Wolves now number over 23,000 across the continent—a 35% increase since 2016. Brown bears, Eurasian lynx, Iberian lynx, even wolverines once considered ghosts of the past are returning to forests, mountains, and even farmland edges; bringing a new idea for Europe with them: Are humans ready to share the land with carnivores?

Don’t Make A Mess This Time

Not just tolerate them behind fences or watch them through binoculars on distant ridgelines—but truly share the land. Because their return isn’t just symbolic. This is our chance to reconsider our relationship with carnivores in Europe, and that chance might not be offered again.

We are living in a rare moment when history, science, and wildness have aligned, when the landscapes are ready and waiting for help from their usual residents, and the animals are ready—waiting for us to decide without making a mess.

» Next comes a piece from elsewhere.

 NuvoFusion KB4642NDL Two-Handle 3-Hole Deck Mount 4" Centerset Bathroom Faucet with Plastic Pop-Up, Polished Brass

The real question is no longer whether they can come back or not, but whether we can let them stay.

Us

To let go of the myth that nature can be organized into tidy categories like our human world: human space here, wild space over there. To replace fear with fascination. And most importantly, to stop competing to stop fighting with them over who’s the biggest predator. It’s surely us.

The predators don’t just bring death—they bring rhythm. They thin the overgrowth. They push the herds and reshape rivers. When a wolf pack enters a valley, the deer no longer stay in one place too long, so the saplings begin to grow again, no longer chewed down before they can grow back. The trees thicken. The birds return because there is food and life again. The rivers, once stepped too harshly and eroded, begin again. This is what scientists call trophic cascades. But what it really is—what it feels like—is a system remembering its name. A predator’s gift is not peace, but aliveness. Also the truth, that life requires a fight and some amount of tension—not as danger, but as dynamism—to exist. Without them, the world grows numb. Slows down.

Predators To Lead

Rewilding isn’t just about putting animals back into their right place but also people and the relationships they hold back into their right place—where they belong.

And if we are wise, we will not only let them stay, but we let them lead nature and us.